Sunday 20 September 2009

What if maybe?

A Life Less Ordinary

That pivotal moment in life where you take one path and someone else takes another is often a make or break situation. Without any contact details, you may never cross paths again. Nowadays it is much easier to find the lost ones on Facebook or Myspace if you didn’t secure a phone number or address, though even addresses are temporary. Believe it or not there are still people out there who don’t have a “page” with boring information about themselves on it. There are people who have no contact with social networking sites. There are people who don’t have a blog. I know it’s hard to consider that some people know their lives are not worth documenting on the internet. The rest of us either know this and don’t care or worse; actually think we are worth reading about!

Twenty Years, Two People, One Day

The book One Day documents twenty years of a boy and a girl's life who met and shared a few kisses, and maybe more, on the night of their Graduation from an Edinburgh University. Only to be flung out of each others lives and on to the road of their own lives the very next day. The book is written by David Nicholls who also wrote the novel ‘Starter for 10’ which was recently visualised into a film starring James McAvoy. In the novel One Day, the lead characters, wealthy womaniser Dexter and social conscious and opinionated Emma manage to keep in contact by various letters where Emma’s thoughts on life/politics/books spill out and fill pages and Dexter manages a few lines in reply here and there as he fumbles through his gap year(s). This is of course the 1980s before the communication revolution, no texting or emailing, can you remember that far back?

Each chapter begins on the same date of every year following their quick meeting and then subsequent departure on the 15th July 1988 and as their lives unfold through the pages, the reader can relate to almost everything that happens in some way or another. No thoughts to the future in their twenties, like most, Dexter becomes completely hedonistic and does whatever he wants, even at the expense of losing his family and friends’ respect. This results in various bad habits and a career in TV that nosedives as quickly as it happened. Emma becomes lost, with no idea of what she wants to do with her life and only dreams of being a writer. She gets stuck in an unhappy state of mind relentlessly doing a job she hates until she has the courage to make some life changing decisions.

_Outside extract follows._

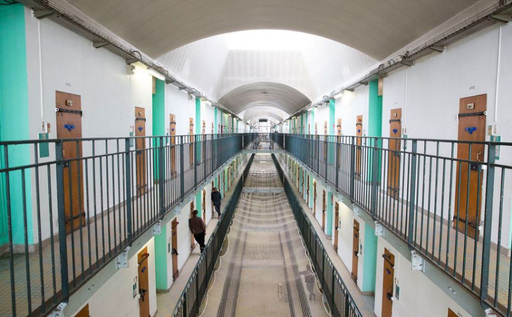 Un minor rănit într-un incendiu la o închisoare în Strasbourg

Sometimes it is almost too true to real life so that it makes you cringe but the book is a refreshing look at two people who grow up with each other in mind and what can happen to these people through time. Many parts of the book are set in London and it is great picturing where they’re living and what they’re seeing in their two different worlds. By the end of the book, you end up feeling great empathy and sympathy for the characters; they represent people in our lives we know or have known. This book has an unexpected ending and you feel as if you've lived through their twenty years. In fact you might need a nap at the end, I was exhausted, life is complicated!